Viajando com seu gato p/ o exterior

05 outubro 2011, 23:48. Postado por Resgatinhos

OBS. Independente das informações dadas aqui, é importantíssimo que você SEMPRE confirme junto aos órgãos competentes e às companhias aéreas quais são os procedimentos, porque as regras podem mudar, e além disso PEÇA QUE ELES CONFIRMEM AS INFORMAÇÕES DADAS POR ESCRITO, seja através de email, ou fornecendo um link que você possa imprimir caso seja preciso argumentar depois.

Viagens internacionais

Uma transferência de emprego, uma bolsa de estudo, um programa de intercâmbio, ou simplesmente a vontade de começar a vida em outro lugar. Quando nos deparamos com uma dessas possibilidades, pra quem tem pets uma das primeiras coisas que nos vem à cabeça é: e os meus peludos? Tomada a decisão de levá-los, surgem as dúvidas: o que vou precisar? É difícil? Todos os países aceitam animais oriundos do Brasil?

Tentaremos ajudar você com essas e outras dúvidas.

Antes de mais nada

Vale perguntar: quanto tempo vai durar essa viagem?  Uma viagem é sempre estressante para o animal. Uma simples férias no exterior ou uma excursão, muitas vezes, só trarão dor de cabeça para você e muito, muito estresse para seu gato.

Nessas ocasiões vale pensar na opção de deixar seu gato em casa, o que pode ser bem menos estressante. Existem profissionais que oferecem serviços de PetSitter.

Mas e se a viagem for longa, ou até uma mudança definitiva? Aqui tentaremos ajudar com um guia rápido de onde buscar informações e das exigências comuns a quase todos os países. Muito do que vamos contar é um relato de uma voluntária ResGatinhos que partiu para a Alemanha com seus dois gatos.
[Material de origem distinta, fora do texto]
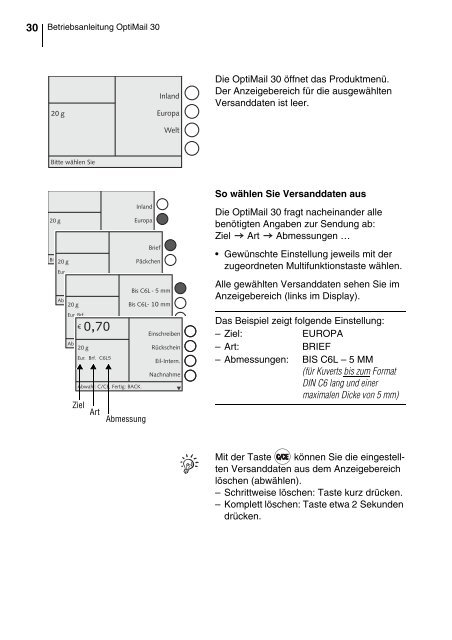 OptiMail 30 DEU / Betriebsanleitung - Francotyp Postalia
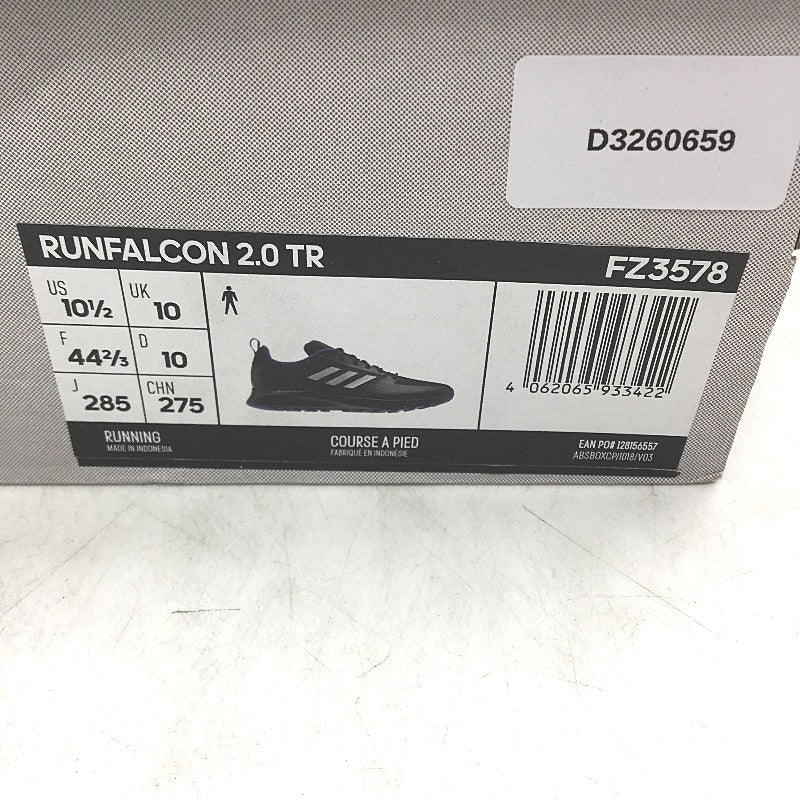 Adidas Runfalcon 2.0 TR Black Silver Running Course Sneakers Mens US 10.5 NEW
Onde encontrar informações

Assim que o destino for escolhido, ou imposto, o mais importante é buscar informações sobre as normas sanitárias exigidas pelo país de destino. No site do Ministério da Agricultura (link) existe uma lista com os principais países de destino para onde viajam animais de companhia brasileiros. Além de consultar o site do Ministério da Agricultura sugerimos que você busque informações complementares junto à embaixada ou ao consulado do país de destino.  Esse primeiro passo evita transtornos e surpresas desagradáveis, como descobrir dois dias antes do embarque que a Austrália ou Nova Zelândia, por exemplo, não aceitam animais brasileiros…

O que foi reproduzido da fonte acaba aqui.